Sometimes you find yourself using a tool designed to solve one problem helpful in solving other problems as well. Recently I found by accident that the new RECOMPILE query hint in SQL Server 2005 can be helpful in solving parameter sniffing problems.

Related: The Pros and Cons of Parameter Sniffing

I’ll first describe the original intended use of the RECOMPILE query hint, then I’ll describe the parameter sniffing problem and the traditional solutions for the problem, and then I’ll explain how you can use the RECOMPILE query hint to solve parameter sniffing problems.

RECOMPILE Query Hint

The RECOMPILE query hint was originally designed to give you more granular control over what would be treated as a recompilation unit. Instead of specifying the RECOMPILE procedure option, you can now specify a RECOMPILE hint at the query level.

Related: Conditional Recompile

As to why you might want to have a procedure or query recompile every time you run it, this has to do with situations where it might be inefficient to reuse previously cached execution plans. Suppose you have a stored procedure that accepts input parameters that are used in the procedure’s queries.

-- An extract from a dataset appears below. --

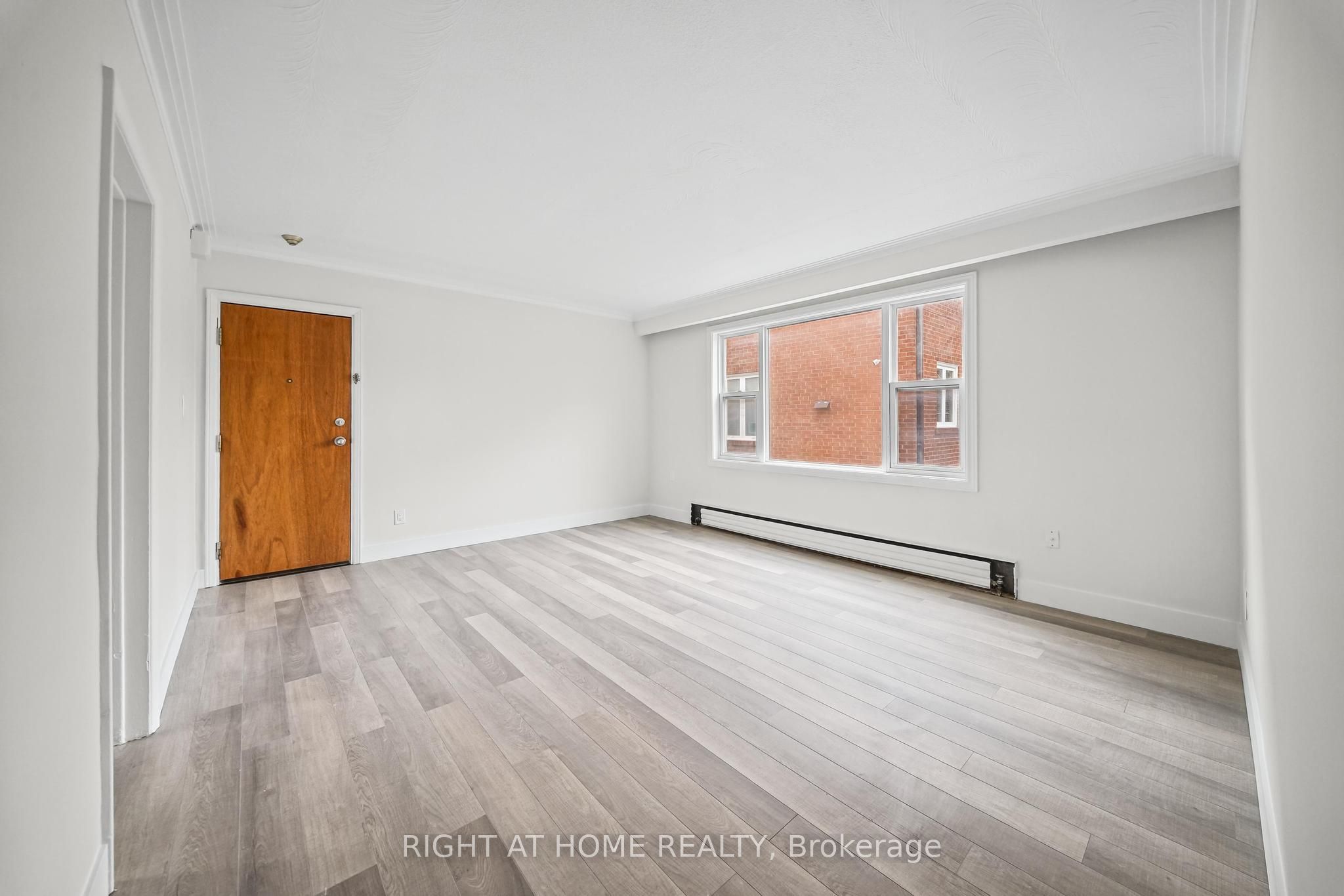 Unit 3 - 32 Vanevery Street, Etobicoke 5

Suppose also that users invoking the stored procedure provide inputs with varying selectivity such that for different inputs different plans are considered optimal. In such a case, SQL Server’s default behavior of reusing previously cashed execution plans might render bad performance; this happens when the procedure ends up reusing a previously cached plan that is not optimal for the current input parameter values. In SQL Server 2000 you could specify the RECOMPILE option only at the procedure level:

CREATE PROC proc_name input_parameters WITH RECOMPILE AS …

This means that even if you have multiple queries within the stored procedure, all of them get reoptimized every time you run the procedure. But what if some of the queries in the stored procedure can benefit from reuse of previously cached plans while the other queries in the procedure need to be reoptimized every time you run the procedure? In SQL Server 2000 you didn’t have this level of control; the only way to solve the problem was to separate the queries that need to be reoptimized every time to a different procedure created with the RECOMPILE option, and invoke that procedure from the original procedure. SQL Server 2005 supports statement-level recompilations (as opposed to supporting only batch-level recompilations in SQL Server 2000). So now you can specify the RECOMPILE option as a query hint and have only that query recompile. So suppose you have five queries in a stored procedure, and two of them (say Query2 and Query5) need to be reoptimized every time the procedure is run. You can specify the RECOMPILE query hint only in those two queries, and allow the other three queries to reuse previously cached plans:

CREATE PROC proc_name input_parameters AS
Query1
Query2 OPTION(RECOMPILE)
Query3
Query4
Query5 OPTION(RECOMPILE)
GO

Parameter Sniffing Problem

As for the parameter sniffing problem; this problem has to do with the fact that when SQL Server optimizes a query that refers to local variables (as opposed to stored procedure’s parameters), the optimizer doesn’t know what the values in the local variables are. So it has to use a hard coded guess, which might render an inefficient plan. Take the following procedure for example:

USE Northwind;
GO
IF OBJECT_ID('dbo.usp_getorders', 'P') IS NOT NULL
  DROP PROC dbo.usp_getorders;
GO
CREATE PROC dbo.usp_getorders
  @days_back AS INT
AS

DECLARE @dt AS DATETIME;
SET @dt = (SELECT MAX(OrderDate) FROM dbo.Orders) - @days_back;

SELECT OrderID, OrderDate, CustomerID, EmployeeID
FROM dbo.Orders
WHERE OrderDate >= @dt;
GO

Turn on the STATISTICS PROFILE option (or the graphical actual execution plan), and run the procedure with the input value 0, meaning you are after all orders placed 0 days back from the maximum date:

SET STATISTICS PROFILE ON;
EXEC dbo.usp_getorders @days_back = 0;

Ignore the execution plan produced for the first query in the procedure (obtaining the maximum order date). Observe the execution plan produced for the main query in the procedure (the second query). Here’s the output of STATISTICS PROFILE (abbreviated to focus on the important parts):

Rows EstimatedRows StmtText
---- ------------- --------
4    249           |--Clustered Index Scan
                      (OBJECT:(\[PK_Orders\]),
                       WHERE:(\[OrderDate\]>=\[@dt\]))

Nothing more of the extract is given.